We provide a list of print statements to help you understand the data format.
Each point is an `ordered Dict` type and has `15` features. Features include *age*, *type_employer* and so on (see the following cell to get an idea on how the data look like).

Performing basic data analysis may help you better understand the dataset and the features involved. As a rudimentary analysis, use the `age` attribute and report how many people fall into the age ranges of `(0, 20], (20, 40], (40, 60], (60, 80], (80, 100]`.
Fill in the `calculate_age_bins` functions and return a list of five values representing the amounts in each age range.

In [7]:
from google.colab import drive
drive.mount('/content/drive')

Mounted at /content/drive


In [8]:
import csv

def load_csv(filename):
    lines = []
    with open(filename) as csvfile:
        reader = csv.DictReader(csvfile)
        for line in reader:
            lines.append(line)
    return lines

def load_adult_data(fn):
    return load_csv(fn)

# Note: Possibly use different data for training and validation to get a more accurate result,
# but remember that in the last part your model will be trained on the full training data
# load_adult_data() and be tested on a test dataset you don't have access to.
def load_adult_train_data(fn):
    return load_adult_data(fn)

def load_adult_valid_data(fn):
    return load_adult_data(fn)

In [9]:
#Append the directory to your python path using sys
import sys
import os
prefix = '/content/drive/My Drive/'
# modify "customized_path_to_your_homework" here to where you uploaded your homework
customized_path_to_your_homework = 'Colab Notebooks/'
sys_path = prefix + customized_path_to_your_homework
sys.path.append(sys_path)
# print(sys.path)

fp_data = os.path.join(sys_path, 'adult_balanced.data')
data = load_adult_train_data(fp_data)
print('Path to adult.data: {}'.format(fp_data))

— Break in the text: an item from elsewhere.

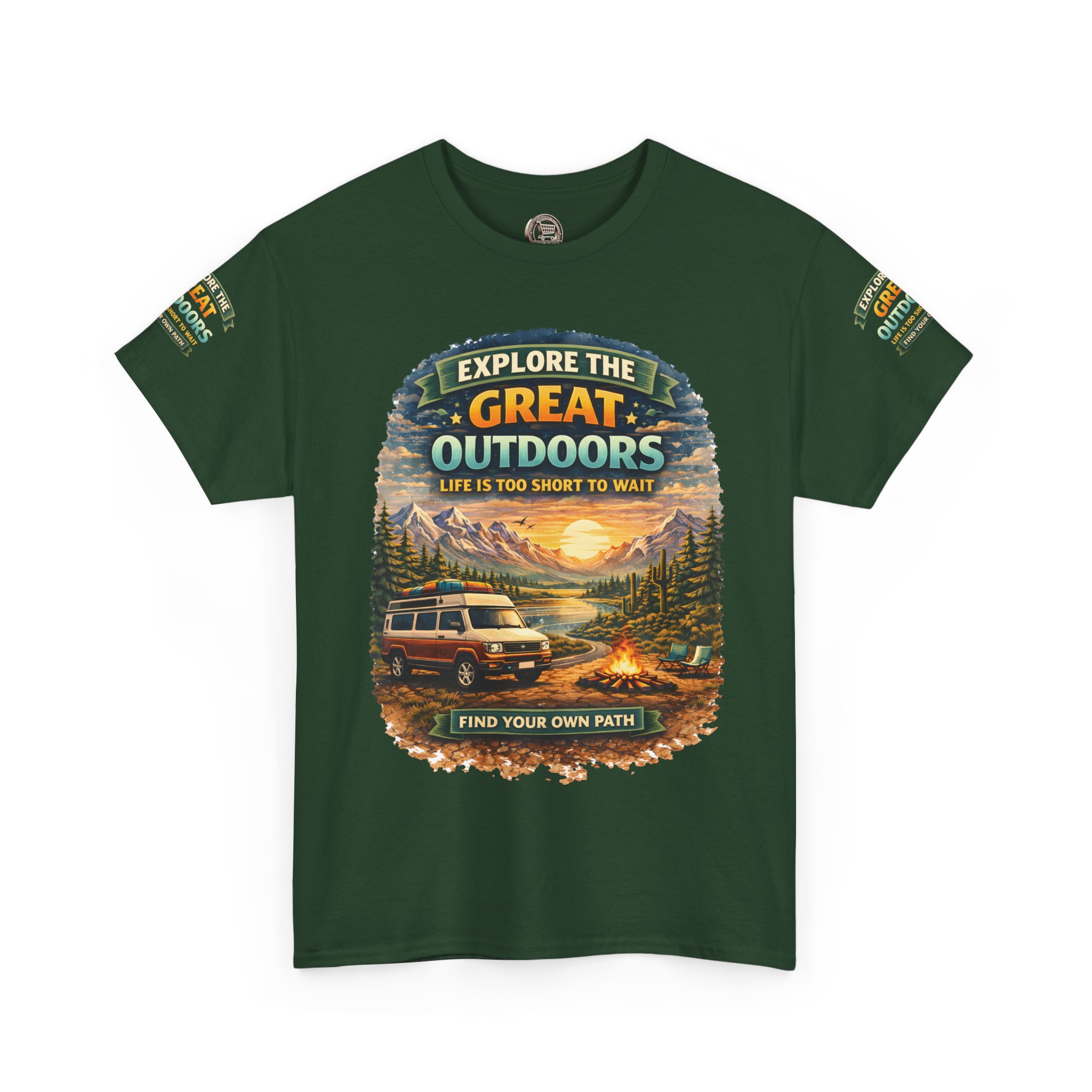 Unisex Heavy Cotton Tee — "Explore The Great Outdoors" Design Scenic-Line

Path to adult.data: /content/drive/My Drive/Colab Notebooks/adult_balanced.data


In [10]:
print(len(data))
print(data[0])
print(len(data[0]))
print(data[0].keys())
print(data[14].values())
print(data[0]['age'])

10000
{'age': '26', 'type_employer': 'Private', 'fnlwgt': '162302', 'education': 'Some-college', 'education_num': '10', 'marital': 'Never-married', 'occupation': 'Machine-op-inspct', 'relationship': 'Not-in-family', 'race': 'Asian-Pac-Islander', 'sex': 'Male', 'capital_gain': '0', 'capital_loss': '0', 'hr_per_week': '40', 'country': 'Philippines', 'income': '<=50K'}
15
dict_keys(['age', 'type_employer', 'fnlwgt', 'education', 'education_num', 'marital', 'occupation', 'relationship', 'race', 'sex', 'capital_gain', 'capital_loss', 'hr_per_week', 'country', 'income'])
dict_values(['34', 'Private', '45114', 'Bachelors', '13', 'Never-married', 'Sales', 'Own-child', 'Black', 'Female', '0', '0', '40', 'United-States', '<=50K'])
26


In [11]:
def calculate_age_bins(data):
    # TODO: return bins as a list of five values where each value represent the number of people in each range of `(0, 20], (20, 40], (40, 60], (60, 80], (80, 100]

    bins = [0]*5

    for i in range(len(data)):
      age = int(data[i]['age'])

      if age <= 20:
        bins[0] += 1
      elif age > 20 and age <= 40:
        bins[1] += 1
      elif age > 40 and age <= 60:
        bins[2] += 1
      elif age > 60 and age <= 80:
        bins[3] += 1
      elif age > 80 and age <= 100:
        bins[4] += 1

    return bins

In [12]:
def test_calculate_age_bins():
    bins = calculate_age_bins(data)
    assert sum(bins) == len(data)
    assert bins == [427, 4785, 4147, 624, 17]
test_calculate_age_bins()
print('Pass: Data Loading and Analysis [5 points]')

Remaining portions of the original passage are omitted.